Sage Townsend is a British multidisciplinary artist and educator. She aims to imbue her work with a cross-cultural dialogue about attitudes and aesthetic values relating to the female form; the underlying message of her creative projects is that expectations should be challenged. By promoting fashion accessories to act as more than just functional or aesthetic objects, she explores defining their role as a platform to address political, ethical and social ideas and expectations. Sage’s multi-award-winning work has been exhibited worldwide, including in Tokyo, Beijing, Buenos Aries, Venice, and London.


Flora McLean

Flora Mclean is a hat maker and has twenty years’ experience working with her own fashion accessory brand House of Flora, a fashion design consultancy specialising in avant-garde headwear for the catwalk, fashion campaigns, collectors and famous musicians.

Flora's hats have been celebrated since she won the Jerwood Makers prize 2010. Her work has been exhibited in the Victoria and Albert Museum in London as part of the Anthology of Hats exhibition 2011, and also in Basel Spielzeug Museum as part of Mut Zum Hut in 2020. Flora is an experienced educator and is the senior fashion lecturer in Footwear Accessories Millinery and eyewear at London’s Royal College of Art.


Lucy Barlow

Lucy Barlow has been a milliner for over 40 years, starting in Bond St and moving to the catwalks of Paris.

Known for her stitched braid straw, she fuses traditional and street couture. In 2017, having worked in the trade since the age of 16, she did an MA at the RCA. Moved by refugees and the homeless, her collection was called ‘Life Saver’. It focused on sleeping bags, life jackets and protection, and saw her creating the speaker and sleeping bag hat; the hat being the symbol of shelter and music its elevation.


Maxwell Shoroye

Maxsho is a sound and music enthusiast, he combines his experience from DJing and live performances with his creative practice as a designer.

Maxsho’s work is about depicting the invisible sounds that surround us with digital visualisation.
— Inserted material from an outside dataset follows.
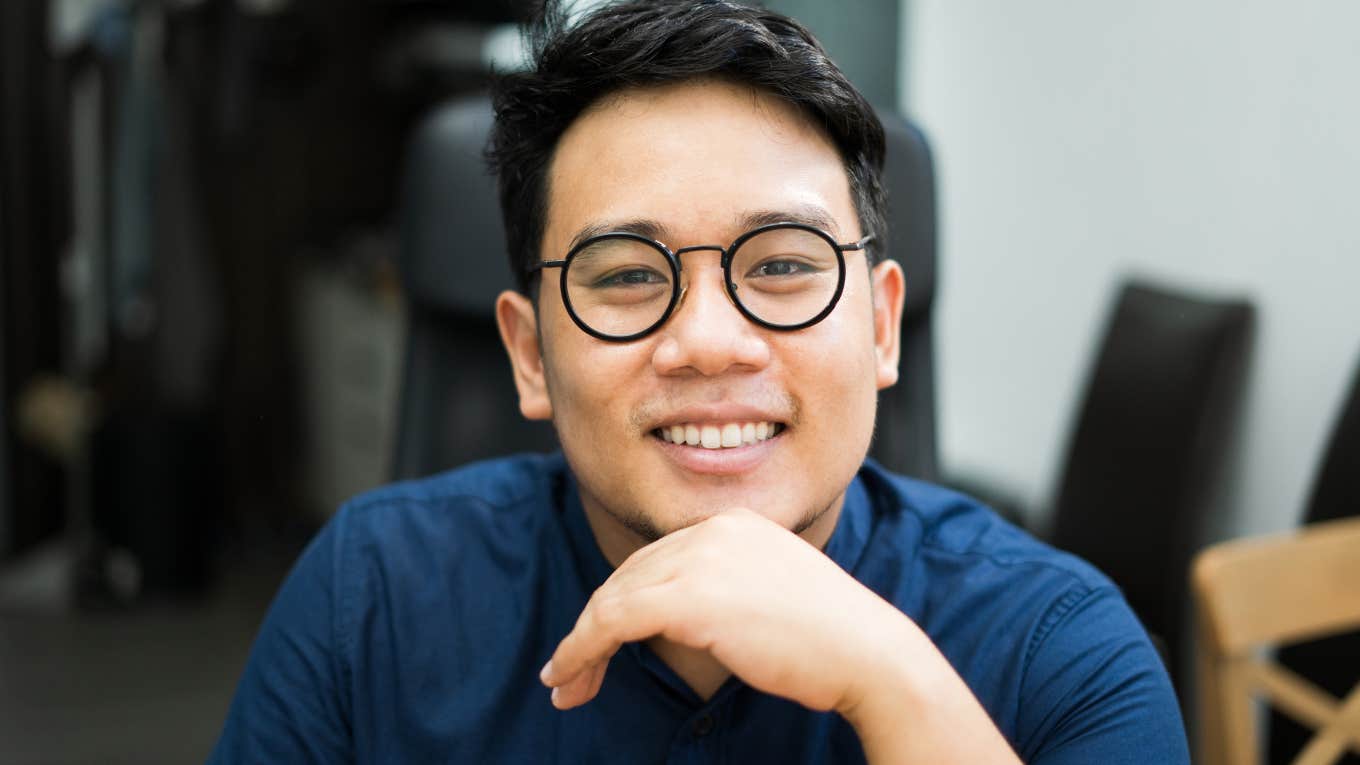 smiling young man thinking about how parents raised him right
Utilising sound as a tool to realise abstract ideas. Through this process he highlights its importance in everyday culture and society. Employing music as a passport to explore different times, emotions and worlds. One of his aims is to develop a social exchange between sound, design and fashion.


Karen Henriksen

Karen Henriksen creates tailored hats and caps for men and women. Working from her London studio at Cockpit Bloomsbury, she brings a milliner’s sensibility, playfulness and craftsmanship to everyday headwear.

Following a BA Hons in fashion in the late 1980s, Karen went on to pursue a career in millinery. In 2003 she graduated with an MA from the Royal College of Art. Since then, she has continued to explore and create her own versions of classic hat styles.

Karen has shown at Paris Fashion Week since 2007, and her hats can be found in stores across Europe, Asia and North America. Her own online shop was something of a pioneer, established in 2009, and continues to grow and thrive.


Vesna Pesic

Vesna Pesic is a millinery artist and educator, bringing years of experience in fashion to her practice. Vesna is dedicated to crafting poetical handmade headpieces that often lie between art and fashion.

Vesna is a devoted practitioner of Tai Chi; recurrent themes in her work centre on movement and multiple meanings. She creates sculptural pieces by mixing traditional millinery craftsmanship with other disciplines like cuir-bouilli. Vesna is a lecturer at Morley College and visiting lecturer at RADA. She is a founding member of the British Hat Guild. Vesna was awarded Harold Tillman Scholarship to study MA in Fashion Artefact at the University of the Arts London (2011).


Jo Cope

Jo Cope is a UK based female contemporary fashion artist, and has been pushing boundaries for almost two decades.

Jo's interest lies in creating a new role for fashion, creating socially active and highly crafted vessels, which can exist and communicate both on and off the body. Jo works with Shelter as a Creative Projects Consultant and in 2020 curated the Shoes Have Names exhibition at Coal Drops Yard London, in collaboration with the charity. This year she has returned to curate 'Wherever I Lay My Hat'.

Her work has been represented at a diverse range of prestigious events worldwide, including the Venice Design Biennale 2021, London Craft Week, Fashion Matters at Buckingham Palace 2018 and the Material Movement Gala at Sadler's Wells Theatre 2017.